Casanova o la humillación
Giacomo Girolamo Casanova es un personaje que sólo pudo existir en el siglo XVIII europeo, esa complejísima época que amparó lo mismo a la Ilustración que al desenfrenado libertinaje del Parque de los ciervos, en donde convivieron Voltaire y el higienista inglés Condom, autor del preservativo que hasta la fecha lleva su nombre. Racionalismo y sensualidad de una corte que ya agotaba la paciencia del pueblo, tiñen al aventurero galante de las mil escapatorias, que lo mismo conoció a los grandes personajes -Voltaire, Rousseau, Federico el Grande, Catalina II, Luis XV y la marquesa de Pompadour- que tuvo que escapar de muchas prisiones, que narra en Historia de mis huidas de las prisiones de Venecia o que se hizo pasar por mago en tantas y tantas cortes, siempre en el destierro, siempre amando y dejándose amar por las mujeres. Su nombre es sinónimo de conquistador, pero parece ser que nunca usó a las féminas sino que les tuvo un gran respeto como estímulo de su condición erótica. Viejo y gastado, terminó sus días como bibliotecario del conde de Waldstein en el castillo de Dux situado en Bohemia.
Es en este momento en que lo ubica David Olguín, cuando ser bibliotecario significa ser uno más de los sirvientes del conde y en donde, próximo a su fallecimiento, escribe varias obras, la más conocidas serían sus Memorias de Santiago Casanova de Seingalt, publicadas después de su muerte y que terminan cuando obtiene el perdón del Dux y vuelve a Venecia en 1774. De sus etapas posteriores y hasta su muerte en 1798 se tienen pocos datos y Olguín aprovecha la idea de la decadencia física y social para hacer una reflexión acerca de cómo un ser que tuvo una vida rica y satisfactoria puede ser sujeto de las burlas de personas inferiores en todo que no le perdonan sus aires de grandeza en plena senectud. La humillación que sufre Casanova es doble, la del tiempo que vence a su cuerpo -se lamenta incluso de haber llegado a la incontinencia- y de los otros sirvientes del conde, que incluso escenifican una burlona farsita muy ofensiva. La amante furtiva del conde, el oficial de su guardia y el caballerango no tienen nada mejor que hacer, en el largo ocio de la ausencia de su señor, que reírse de quien no es ocioso ni malvado y que escribe sin cesar.
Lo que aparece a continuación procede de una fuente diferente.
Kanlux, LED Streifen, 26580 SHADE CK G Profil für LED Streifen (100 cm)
La pequeña cocinera es su amiga, aunque se haya prestado a la farsa y el caballero la alecciona en las lides del amor, al principio de la obra, la viste y maquilla de señora y le ofrece los medios al uso para evitar la inseminación. David Olguín es de los pocos dramaturgos mexicanos que aman el lenguaje y lo utilizan de manera suntuosa y las múltiples metáforas de la sensualidad que son usadas por el protagonista, en contraste con las vulgares expresiones de los otros personajes, convierte al texto en una obra de fino erotismo. Asimismo, en el delirio de la agonía de su protagonista introduce a algunos personajes, sobre todo a Voltaire muerto hacía 20 años y con el que discute, con lo que logra dar una visión muy completa de todo lo que fue el aventurero del Siglo de las luces.
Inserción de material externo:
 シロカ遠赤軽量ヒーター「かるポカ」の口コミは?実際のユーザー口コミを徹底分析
La austera escenografía de Gabriel Pascal, con muy pocos elementos que ambientan la época, contrasta con el rico vestuario que se debe a Sergio Ruiz y Gloria Carrasco. En el momento del delirio, las paredes desaparecen y quedan los pocos muebles, la mesa que es escritorio y lecho de muerte, el baúl del cual se sacan muchos accesorios y que, ante el espectro enmascarado, resulta sinónimo de partida inminente, como antes fue referencia a la vida trashumante de Casanova. Las voces de Ana Ofelia Murguía como madame de Waldstein, de Rodolfo Blanco como el conde y de Pablo Moya Rossi como Lorenzo Da Ponte, el coro femenino y el diseño sonoro de Gonzalo Macías apoyan la escenificación que cuenta con un elenco excelente.
Claudio Obregón es un espléndido Casanova que logra conservar su dignidad esencial ante las afrentas y disfruta lo que le queda de sensualidad. Laura Almela, como Carolina Schwartz, divertida y feroz en la farsa, pero misericordiosa en algún momento y como Voltaire, arrogante y fría. José Carlos Rodríguez es un odioso y brutal Georg Feldkirchner, Gisela García Trigos encarna a una encantadora Anna Dorothea Kleer y Rodrigo Espinosa resulta un bufonesco Karl Wiedehort en un heterogéneo reparto que Olguín como director, entre otros méritos, supo homologar.